The following have been discontinued or not released in more than a decade.

- Bazaar [open, distributed] – written in Python, originally by Martin Pool and sponsored by Canonical; decentralised: goals: fast and easy to use; can losslessly import Arch archives; replaced by friendly fork named Breezy
- BitKeeper [open, distributed] – (discontinued) was used in Linux kernel development (2002 – April 2005) until its license was revoked for breach of contract; open-sourced in 2016
- Code Co-op [open, proprietary] – (discontinued) peer-to-peer version control system (can use e-mail for synchronization)

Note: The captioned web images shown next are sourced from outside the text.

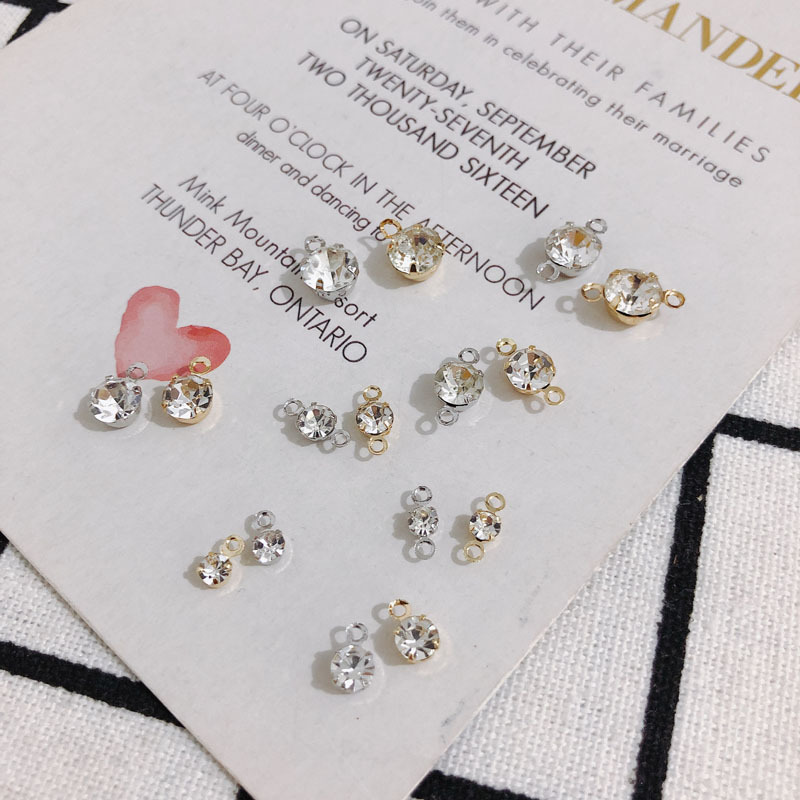 DIY accesorios de la joyería al por mayor Chapado en cobre rhinestone simple mini doble colgante pendientes de diamantes pendientes Accesorios básicos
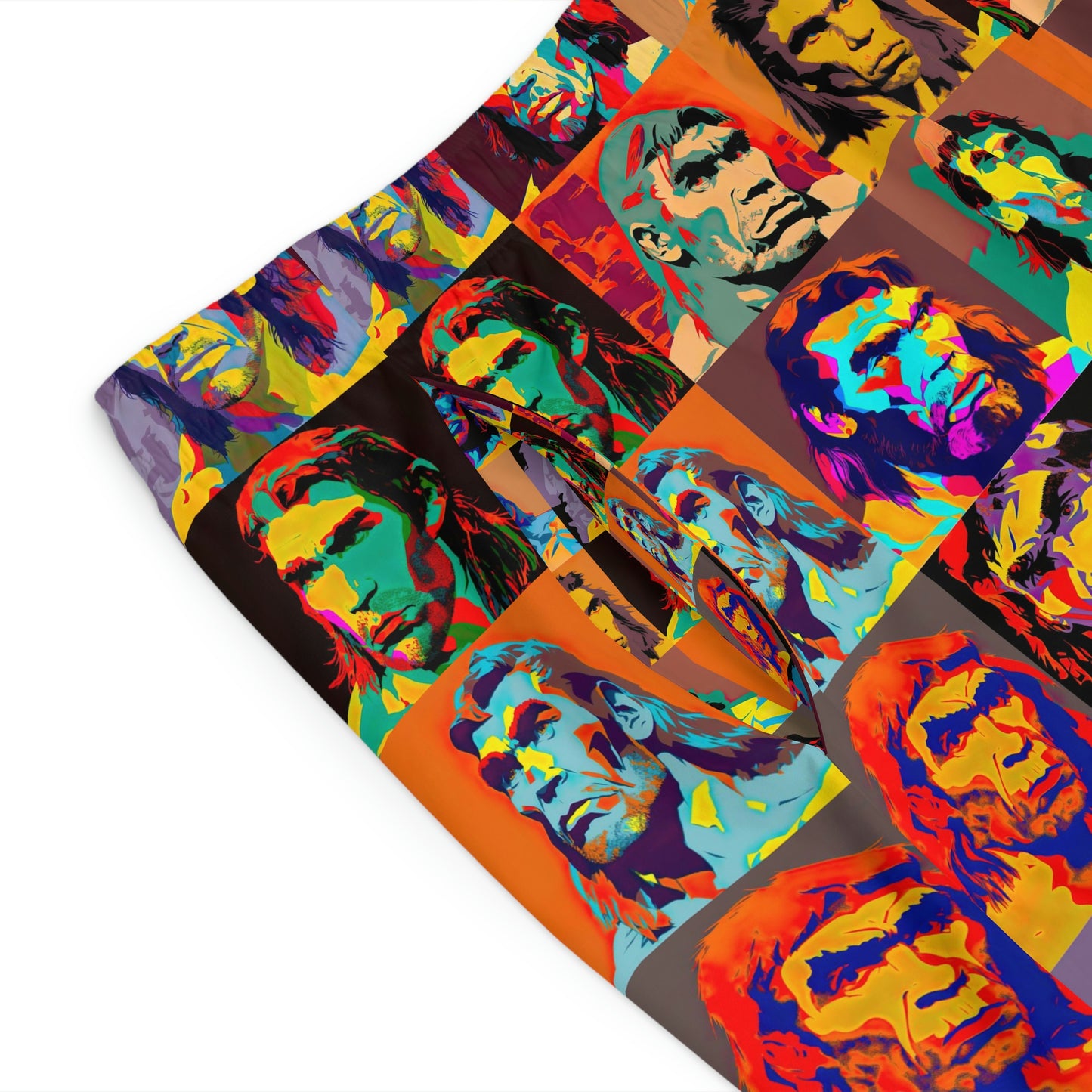 Neanderthal Portraits Pop Art Men's Board Shorts, Men's Workout Shorts, Summer Shorts with Pockets, Retro Face Shorts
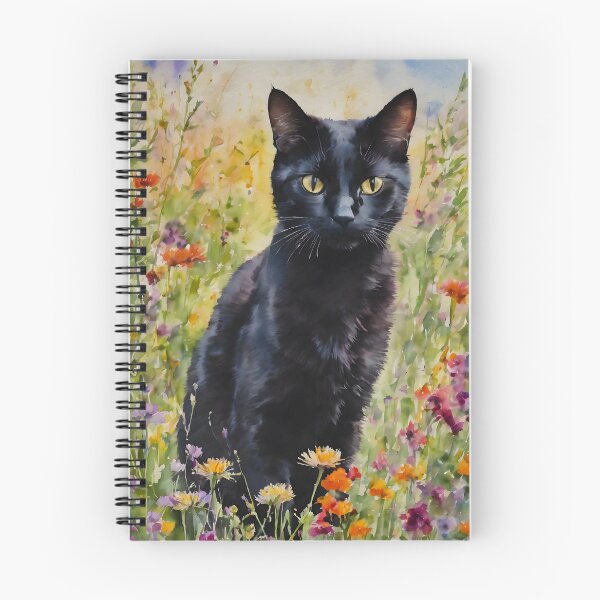 Item preview, Black Cat Amongst the Wildflowers by Lyra the Lavender Witch  designed and sold by Lyra The Lavender Witch.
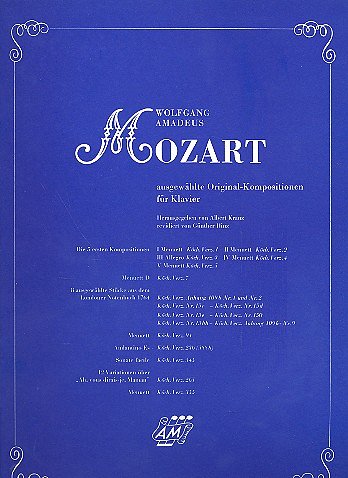 W.A. Mozart: Ausgewählte original Kompositionen, Klav
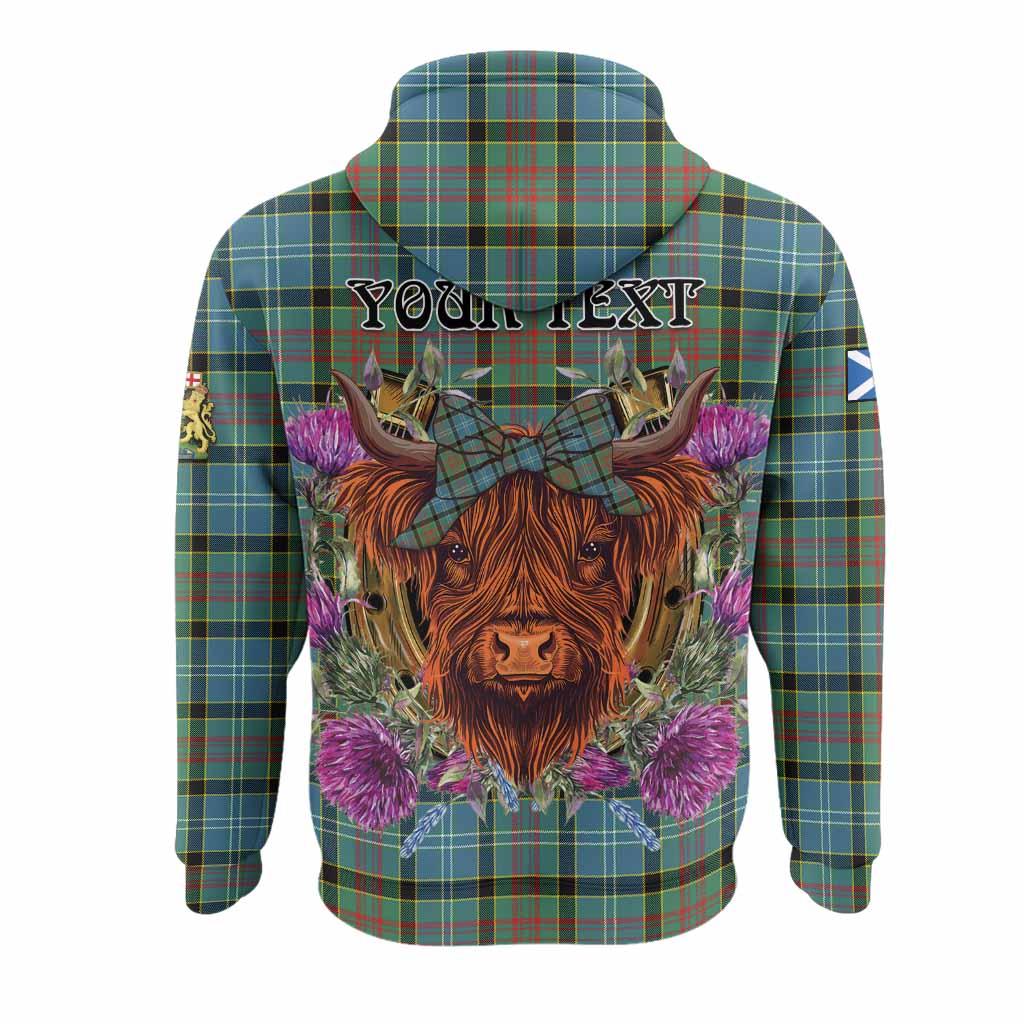 Cathcart Tartan Hoodie Scottish Thistle Heilan Coo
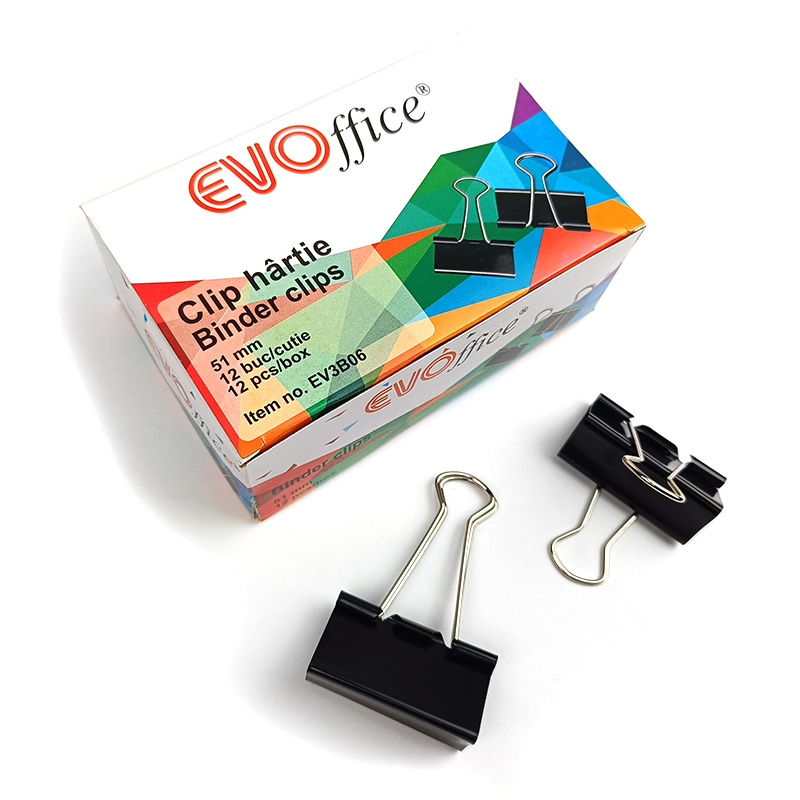 Clip metalic Binder Clips 51 mm, 12buc/cutie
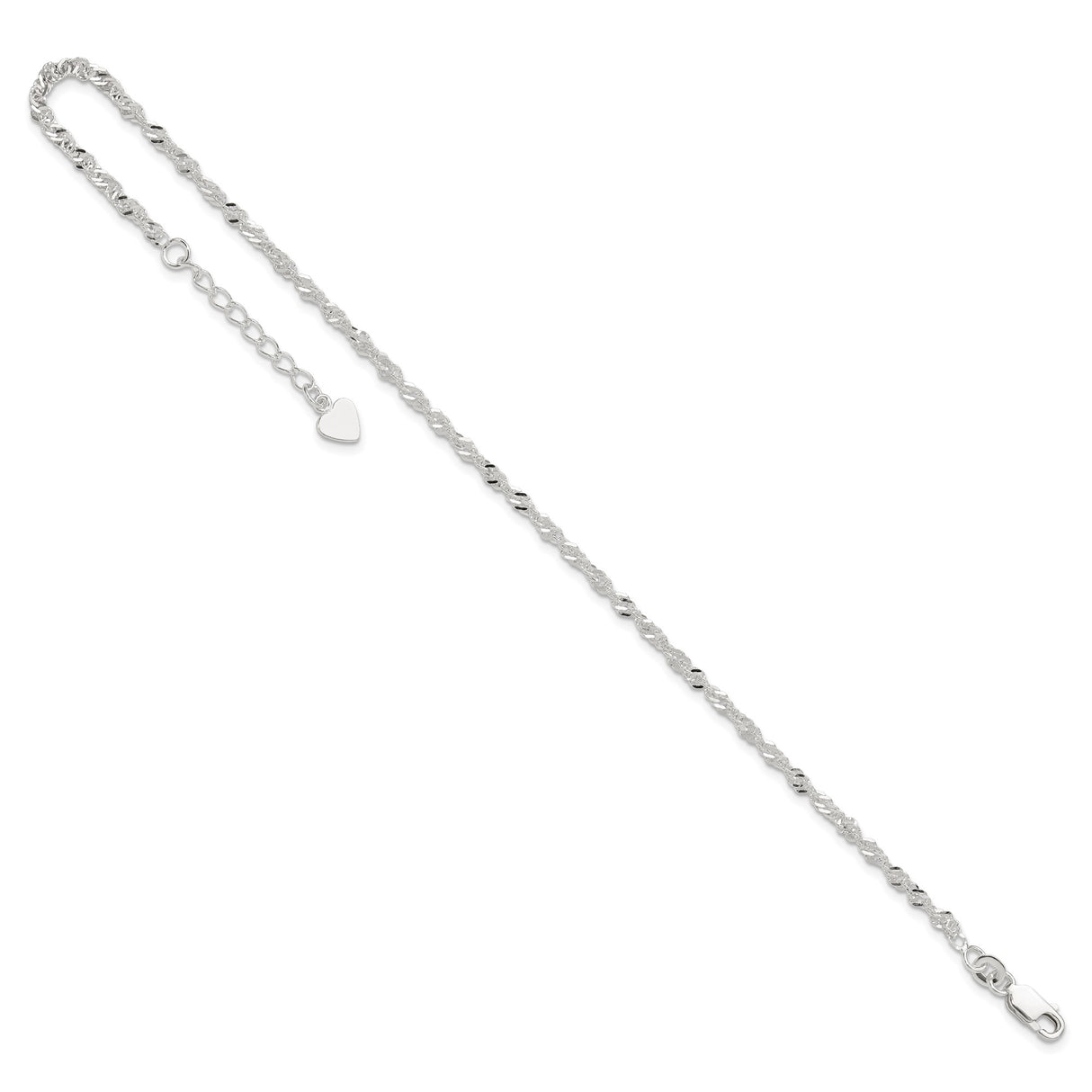 925 White Gold 3 mm Polished Chain Anklet, Solid detail view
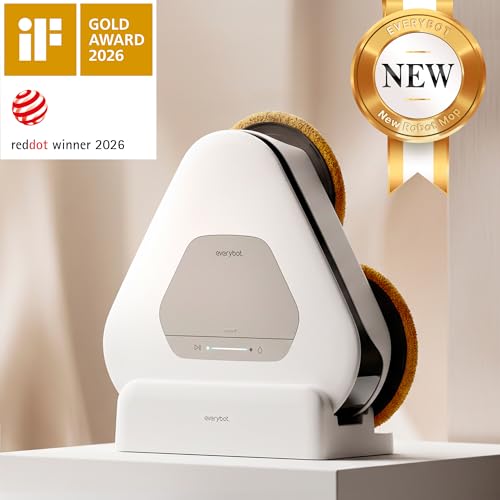 EVERYBOT 2026 NEW Three-Spin Slim Robot Mop, 3.27” Ultra Slim & 43dB Ultra Quiet, Upgraded Mop Pads for Powerful & Deep Clean, 200min Runtime, 6-Cleaning Modes, Smart Water Supply System, No APP/WiFi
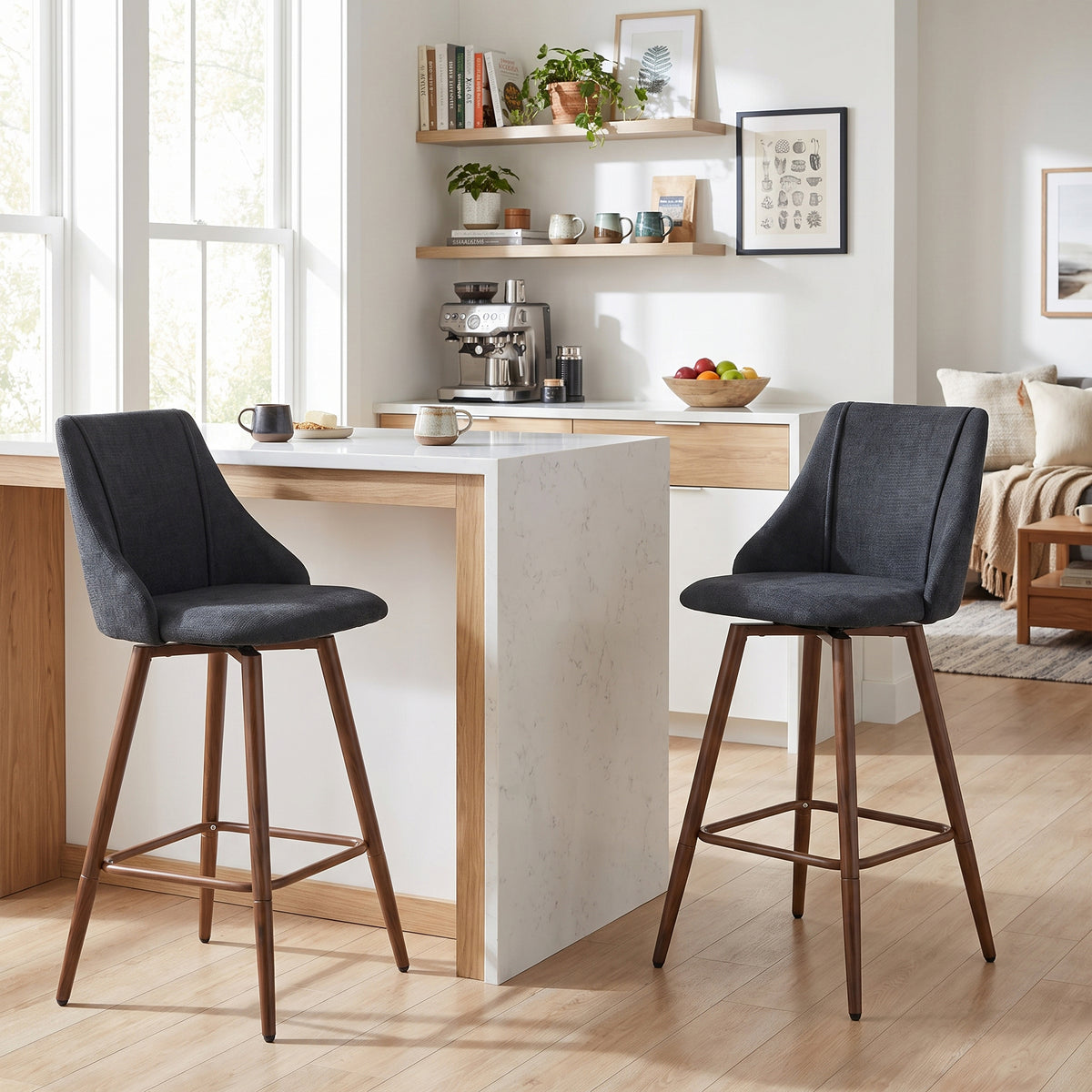 Smeg 26" Upholstered Swivel Counter Stools with Walnut-Tone Metal Legs Set of 2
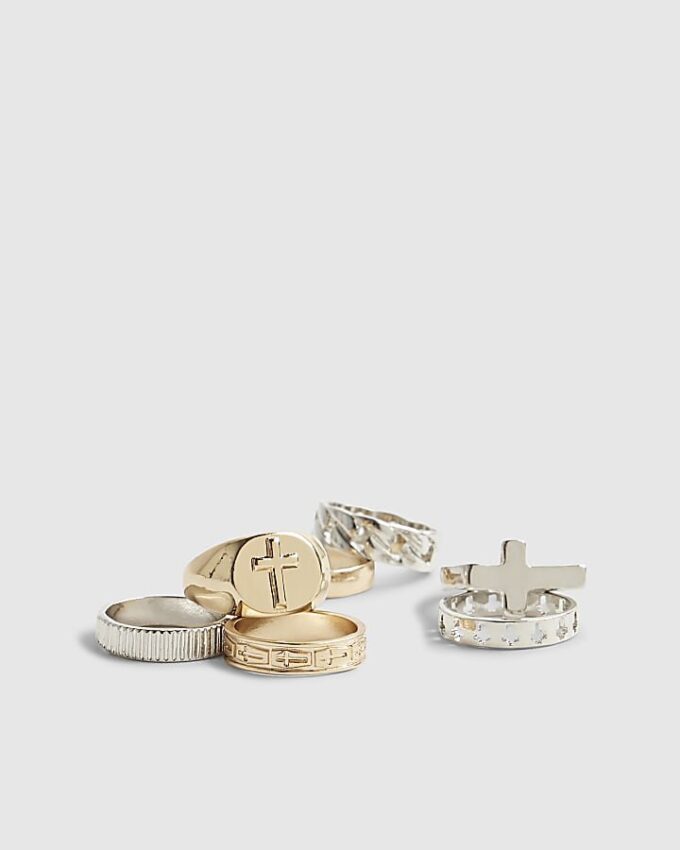 Gold Silver Metal Multi Pack Of 7 Rings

- Concurrent Versions System (CVS) [open, client-server] – originally built on RCS, licensed under the GPL
  - CVSNT – cross-platform port of CVS that allows case insensitive file names among other changes
  - OpenCVS – unreleased CVS clone under a BSD license, emphasizing security and source code correctness
- Configuration Management Version Control (CMVC) [proprietary, client-server] – version control system, no longer available
- GNU arch [open, distributed] – A very early system; deprecated since 2009 in favor of Bazaar
- DCVS [open, distributed] – A decentralized spin on CVS, last released 2006 and since discontinued
- Microsoft Delta [proprietary, client-server] – (discontinued) commercial version control system released by Microsoft in 1993 for MS-DOS and Windows; discontinued in 1994 following Microsoft's acquisition of SourceSafe from One Tree Software
- Monotone [open, distributed] – not updated since 2011
- Quma Version Control System – [open] VCS, final release 2010, abandoned 2013
- Sun WorkShop TeamWare – Designed by Larry McVoy, creator of BitKeeper
- Vesta [open, client-server] – (discontinued) build system with a versioning file system and support for distributed repositories
- Visual SourceSafe (VSS) [proprietary, client-server] – version control tool by Microsoft; oriented toward small teams. Final release in 2005.